Uno per l’altro, per il piacere di fare un passaggio, una corsa, un gol che fa felice il compagno. Stasera dobbiamo dire grazie ai ragazzi nigeriani arrivati in finale contro il Sassuolo al Torneo di Viareggio - prima volta nella storia di una squadra africana - perché ci hanno riconsegnato il piacere, e non l'obbligo, di giocare a calcio. Hanno perso ai rigori dopo aver beccato 4 legni, lo hanno fatto tenendosi mano nella mano e cantando sotto la pioggia per tutta la durata dei tiri dal dischetto. Uniti per davvero.
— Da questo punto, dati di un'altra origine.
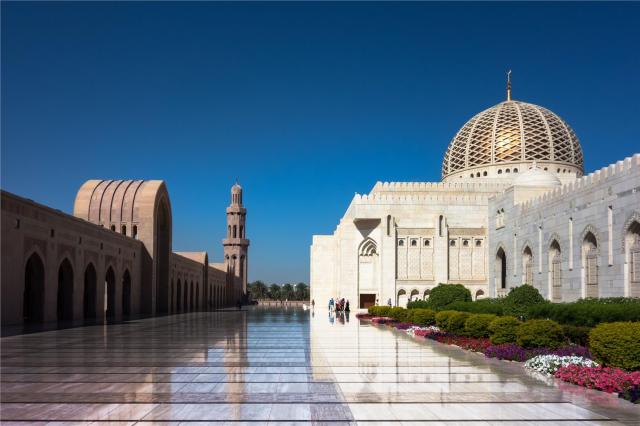 crowne-plaza-muscat-6574378544-3x2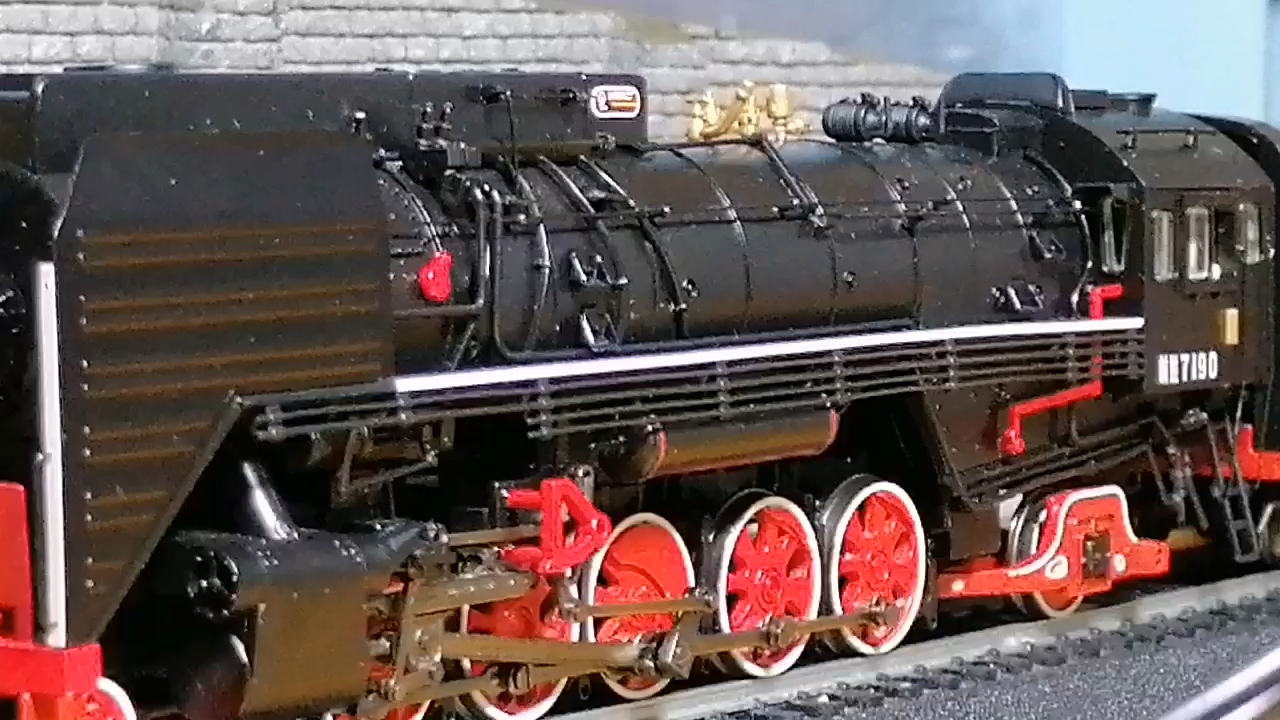 百万城前进型蒸汽机车7190牵引棚车进退两次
Noi vorremmo tifare una squadra così, un’eterna Primavera di Devis Mangia: "Non succederà più" era l'inno e la canzone che accompagnava quei ragazzi biancorossi, ma invece può succedere ancora e sempre ad ogni partita, ogni mercoledì e domenica, se lo vuoi e se credi nei giovani e in un calcio spavaldo, caldo, offensivo e appagante.
Giovani come Giovanni Rosati, 19 anni a maggio, figlio dell'ex patron Antonio che oggi è sceso in campo, ragazzo tra i ragazzi, per complimentarsi con la "sua" squadra - ma è anche la nostra squadra, speriamo non solo al Viareggio - che aveva sulle maglie il nome dell'agenzia (Winners Management Italia) di cui è titolare.
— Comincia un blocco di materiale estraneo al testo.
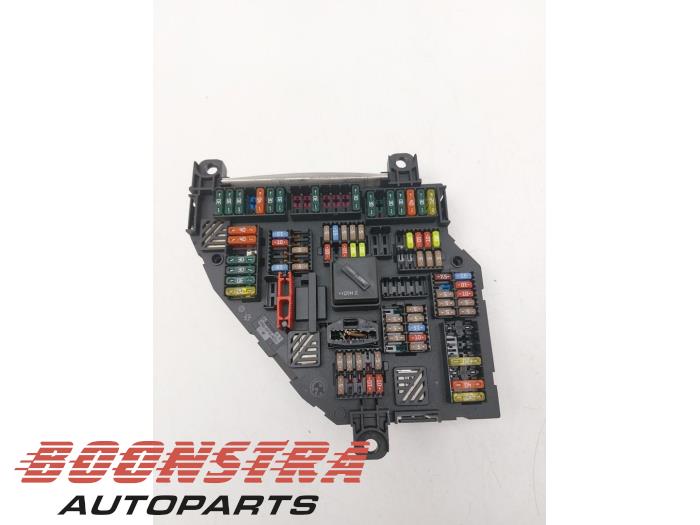 Begagnade Säkringsbox BMW 5 serie (F10) 535d xDrive 24V Pris € 39,95 Marginaltabell erbjuds av Boonstra Autoparts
«La favola non è terminata nel migliore dei modi perché quattro pali (uno su rigore) e la pioggia, che non è l'habitat naturale di questi ragazzi, si sono interposti tra la Alex e la coppa più importante - ci dice Giovanni da Pontedera dove si è svolto l'atto conclusivo della 72ª Viareggio Cup - Ma ha comunque avuto un lieto fine portando a casa innanzitutto il monopolio della simpatia di tutti, oltre ai premi come miglior squadra, quello di golden boy e di miglior difensore del torneo».
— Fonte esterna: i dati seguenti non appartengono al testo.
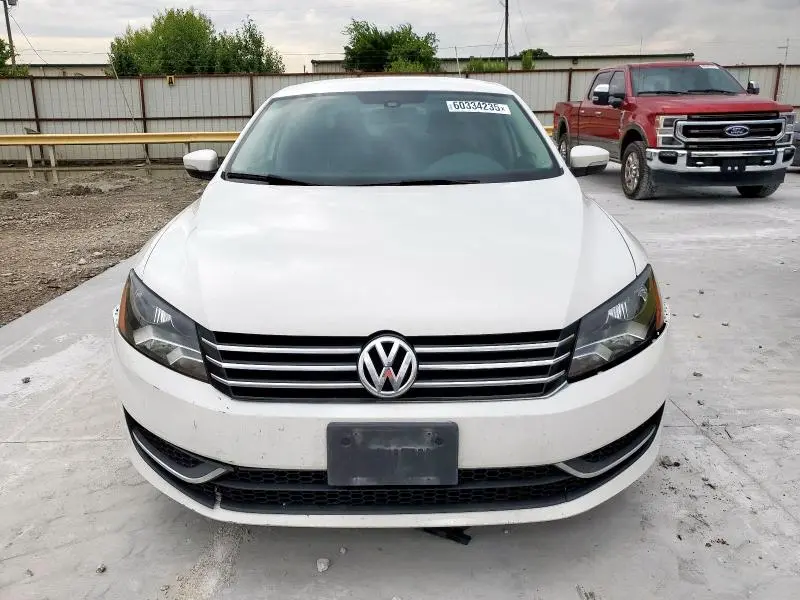 2014 VOLKSWAGEN PASSAT S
«Encomiabile l’atteggiamento che i ragazzi hanno saputo mostrare dentro e fuori dal campo per l’intera durata del Viareggio - prosegue Giovanni - Sarà adesso compito mio e dell’agenzia lavorare affinché il futuro di alcuni di questi ragazzi possa sbocciare in Europa valorizzando al massimo le loro qualità umane e professionali».
Dunque, grazie ragazzi nigeriani. Cantavano mano nella mano con facce felici mentre si battevano i rigori (le facce sono tutto e contano sempre più di schemi e tattiche, nel pallone e nella vita, a ogni livello. Raccontano se vinci o perdi prima del via, spiegano a te stesso e agli quanto vali e non mentono mai, a differenza delle parole). Non sappiamo nemmeno come si chiamano, ma li vorremmo subito in campo nella nostra squadra. Per il coraggio, per la sfrontatezza, per la gioia di giocare a pallone, per la voglia di vincere con e per i compagni, come fossero amici all’oratorio.
Per la capacità di andare a testa alta a sfidare l’avversario, e non ad attenderlo, sempre e comunque. Perché non sanno cosa significhi piangersi addosso o recriminare, tutti uniti dall’ultimo uomo dello staff all’allenatore e allo sponsor, una sola cosa non per imposizione ma con naturalezza.
Uniti dall’amore per il calcio, dalla competenza (se undici ragazzi nigeriani giocano così al Viareggio, qualcuno di competente li ha sicuramente scovati, ascoltati, motivati e uniti). Nessun titolare inamovibile per diritto divino, nessuna eterna riserva, nessuna sostituzione prevedibile, già scritta allo stesso minuto e negli stessi ruoli di ogni santissima partita: no, qui sono tutti titolari nei fatti e non sulla carta, tutti riserve, tutti si alzano o tornano in panchina con la stessa voglia, lo stesso spirito, lo stesso scopo, lo stesso pensiero.
Grazie a loro ci siamo divertiti come non ci accadeva da tempo nel vedere (vedere è un po' anche giocare, se chi va in campo riesce a trascinarti dentro con lui) una partita di pallone. Con un sorriso, con il rispetto, con l'allegria. Assieme. Veramente. Non per difendere l'apparenza o la facciata.
Grazie ragazzi nigeriani. Ci vediamo prestissimo su questi campi, sperando che siano i nostri campi.